More than mere acquaintances

“I want to make this a place for young artists in Jerusalem.”

Works by artists who use the in-house studios adorn the New Gallery at Teddy Stadium. (photo credit: DOR KEDMI)
Works by artists who use the in-house studios adorn the New Gallery at Teddy Stadium.
(photo credit: DOR KEDMI)
The New Gallery at Teddy Stadium is presenting “Acquaintance: Chapter 1,” bringing together the works of various artists who use the studios there.
The gallery, which belongs to the Jerusalem Municipality, provides a space for young artists to work with little cost. The downstairs gallery hosts several shows a year and gives the artists the opportunity to display their works.

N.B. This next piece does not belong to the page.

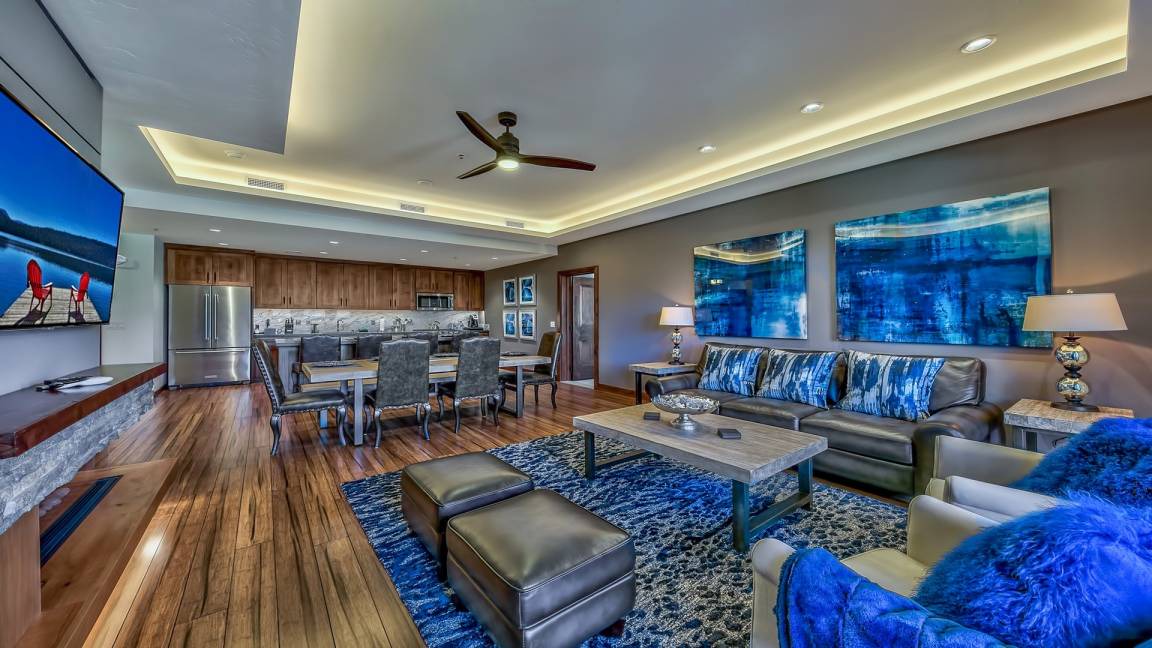 Photo of Livingroom in Lakeside Park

The high white walls and narrow corridors now present an array of various media – paintings, sculptures, photography and installations – all brought together by curator Tamar Gispan-Greenberg.

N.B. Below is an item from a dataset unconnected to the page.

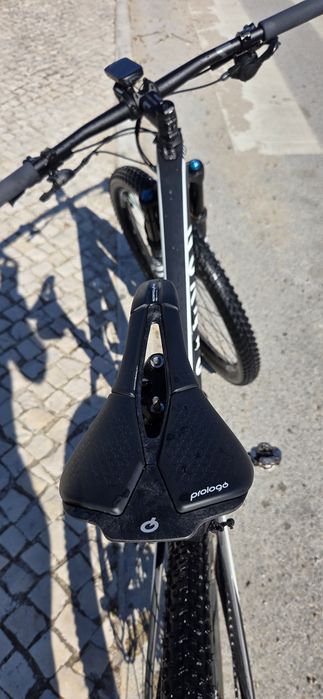 Canyon Lux CF 6.0 2021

On one wall, a colorful oil painting of cotton-candy pink and blue, with a collection of random objects in the foreground; on the next, a collection of charcoal sketches from everyday life. The meeting of these diverse pieces manifests a visually stimulating yet surprisingly cohesive exhibit. The creation of “Acquaintance: Chapter 1” brings together not only different works of art, but the artists themselves.
Gispan-Greenberg was inspired to create a platform for the artists to converse.
“Most of the time, they don’t know what the artists next to them are doing,” she explains. “I thought it would be a great opportunity to exhibit their works so the different artists can get to know their colleagues better.”
Bringing together the community of artists proposed a challenge for Gispan-Greenberg, who had to create unity in a diversified pool of work.
“At the beginning, I was terrified of this place because it’s very big,” she explains. “I’m not used to working with such a big space.
Then I went and visited the artists and became even more terrified, because most of them were painting with large pieces with lots of color. I didn’t know how to match all the paintings.”
Gispan-Greenberg met with each artist and discussed which pieces he or she wanted to display.
“As a creator, you should listen to the artists and let them decide what is right for the exhibit,” she notes.
Luckily, it was just a short trip downstairs for them to bring their works and play around with different arrangements. Despite fears of a fragmented exhibition, Gispan-Greenberg was able to keep moving around the works until she was satisfied.
“When you enter a show, you have to see it as a whole, not the works individually,” she says. “When we brought it into the space, it really suited the place.”
The discourse between the works of art creates an interesting experience by which the different works can be pieced together in a very personal way.
“Some of the connections are aesthetic, some of the connections are its intentions,” she says. “Some we can see, others we can’t see.”
All of the works were created within the past year by 12 artists.
Matan Ben-Tolila, whose oil painting My Mother is Flying at Night is on display, has used the studio space for nearly five years and calls it “very refreshing” to get to know the other artists.
“All of us have a busy schedule,” Ben-Tolila says. “We’re all rooted in our daily life. When I come to the studios, it’s a different world. I can meet with the different artists.... I prefer this so much more than working by myself.”
His painting is a homage to his mother, who saw the work for the first time at the exhibit; it portrays her flying over mountains, told in electric orange, deep blue and a grassy-green. He is also preparing for an exhibit in New York to display his oil paintings.
Gispan-Greenberg hopes to open a series of exhibits to present the works of more of the artists using the upstairs space.
“I want to make this a place for young artists in Jerusalem,” she explains. 
The exhibition runs through April 18. Hours: Tuesdays and Thursdays, 10 a.m. to 2 p.m.; Mondays and Thursdays, 4:30 to 7:30 p.m.; also available by appointment.